Downtown Austin feels electric. Stick your finger in a socket electric. It drags everyone in its path into a wake of beer and hangovers and music, chiefing mellows like three no-dozes and a drive from Amarillo to Santa Fe. It kicks your ass. Music pours from dive bars and laundromats and taco stands. Walking along the blocked-off street discombobulates the aural cavities with swells of drums and bass guitars indistinguishable from each other, like falling asleep in a crowd of talking people where the chatter becomes one rolling tide of inflection. Except here, you’re wide awake. And so is everyone who hasn’t yet found the bar with free Crown and rolled into a gutter or doorway to puke.

It was in this sweltering rumble that I found the gypsies again. They’d set up near the corner of Neches, right underneath a dive called “Treasure Island,” and looked like the kind of band that might have been waiting at a dockyard to play, sneaking on board and stealing the boat while the pirates were getting ripped in the Jolly Roger theme bar. It was a pleasant coincidence, I thought; I’d wondered what had happened to them. One of them later said they hadn’t left me: they’d just hidden their van around an empty building and passed out. I could have slept in the van.

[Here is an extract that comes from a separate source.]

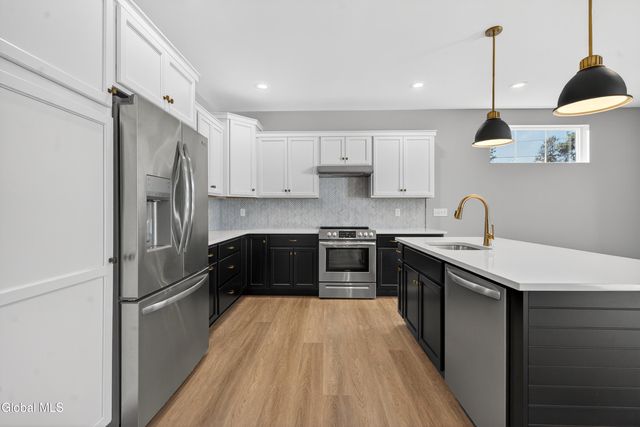 1B Cloverleaf Court, East Greenbush, NY 12144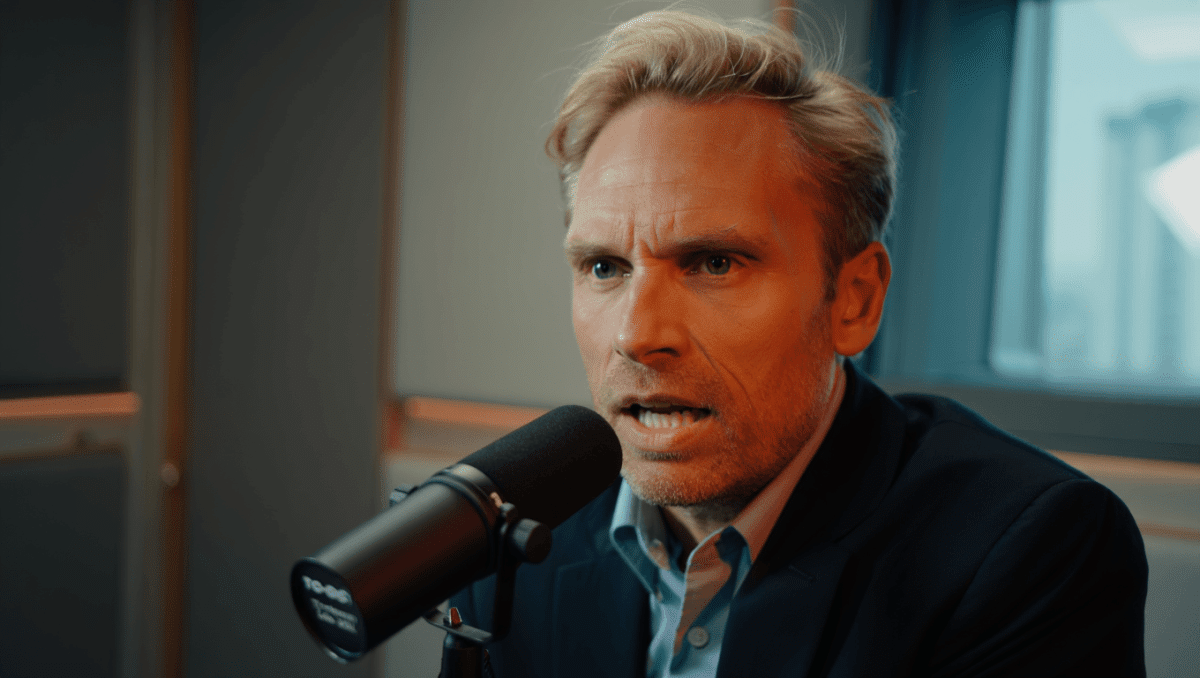 Alex Cooper pushes back on TikTok dating rules with first-date advice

The eight of them played their asses off out there on the street. Passersby yelled and locked arms and danced and walked off. Teenage girls with their mothers stopped to take photographs of this beautiful roving freak show. A clarinet player jumped in and they swung out to a celebration of their Sunny Side of the Street. It was an upright bass, banjulele, trumpets, and washboard throwdown. A camera crew set up their picture-perfect, halter-topped anchor lady in front of them and she struggled to say, “South by Southwest is just filled with all sorts of neat things,” above their collective chorus of “fucking, yeah, fucking on a freight train.” It happened like this until the police showed up and moved the party along.

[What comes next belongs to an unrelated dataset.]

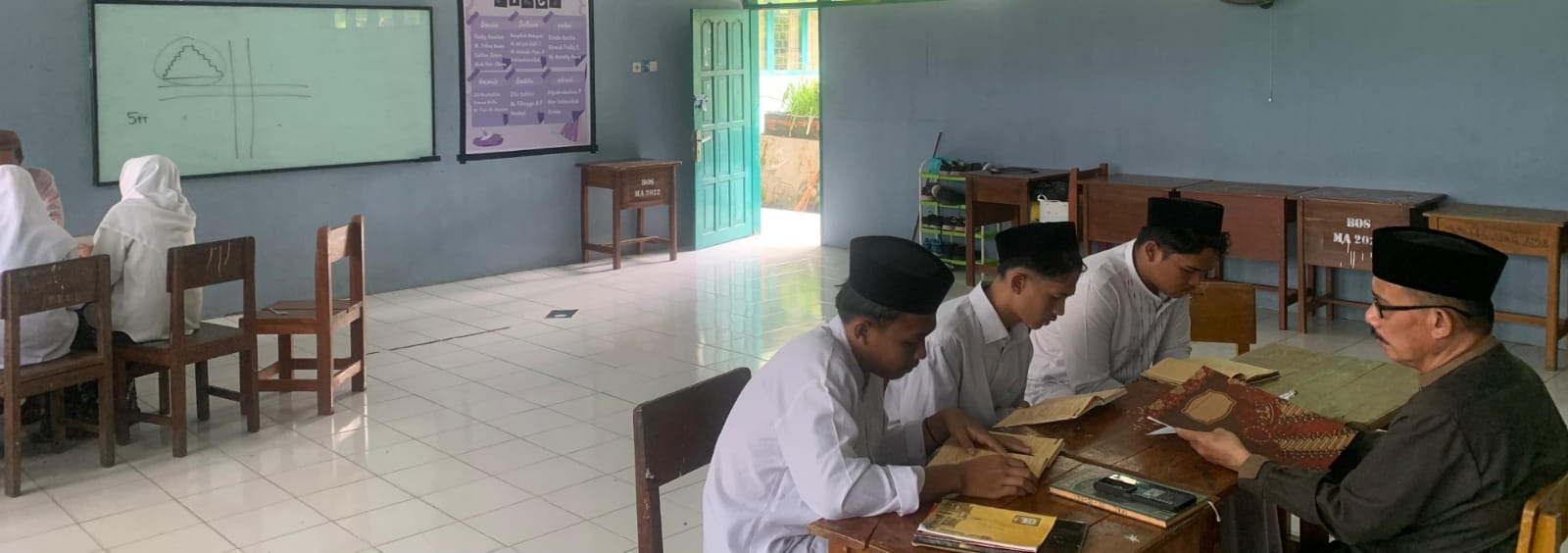 Santri Pondok Pesantren Al Badar mengikuti ujian kitab kuning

I had to get to Lou Reed’s Berlin to watch Lou Reed lead an orchestra onscreen and come up afterwards to tell us about it. And then I was off to write about that when the gypsies came speeding down Congress, swung open their door and yelled, “we’re going!” I jumped in and we wrapped around the city, back to the other side of the highway, the East side, the OTHER side, where badges and wrist bands start to lose their meaning the further from I-35 you get. They had a gig at a backyard show, a place called Fuck by Fuck You, where the five o’clock shadows and hair-gelled, Paper Magazine, bad-boy look gets replaced with cup-sized ear gauges and face tattoos. There were goats and chickens and free kegs and five-minute set changes and crowd surfing and sweat stains on your clothes from everyone else’s pits.

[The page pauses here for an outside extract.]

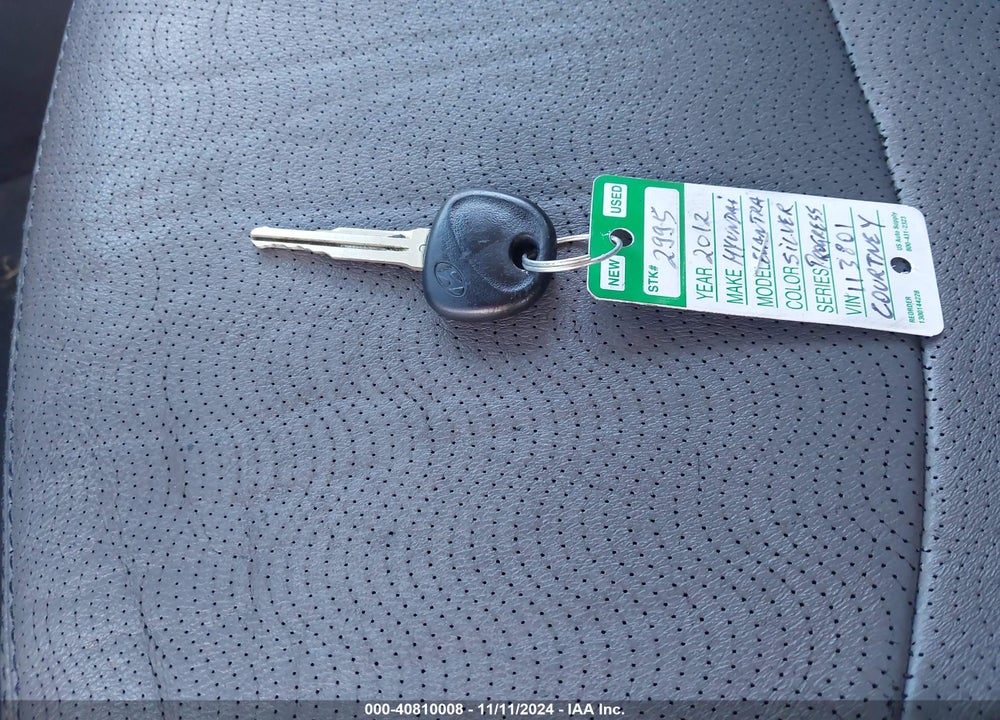2012 HYUNDAI ELANTRA LIMITED VIN: 5NPDH4AE1CH113801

The gypsies played and we kept moving, back in the van, pulling whiskey and rolling tobacco, headed SOUTH, to another show, to a place called the Enchanted Forest, a hidden arts collective tucked behind a guy’s house across from an Office Depot. A walk in the woods here revealed a breathtaking display of outsider art hung from the trees, painters displaying their trades, and a Pig Pen-like old man free-styling consciousness raps above a digderidoo and djembe. A main stage hosted a funk-playing clown band while a sequined goddess slithered through the most enrapturing hula hoop dance I’d ever seen — two multi-colored lit hoops and a body that traced sex in the air. There was fire here. Fire breathers and fire fountains and fire works. And the gypsies played, too, and then, they disappeared like smoke or the chaos of this festival from the capital city of Texas.

I saw a movie this week called Gonzo. My apologies to Dr. Thompson.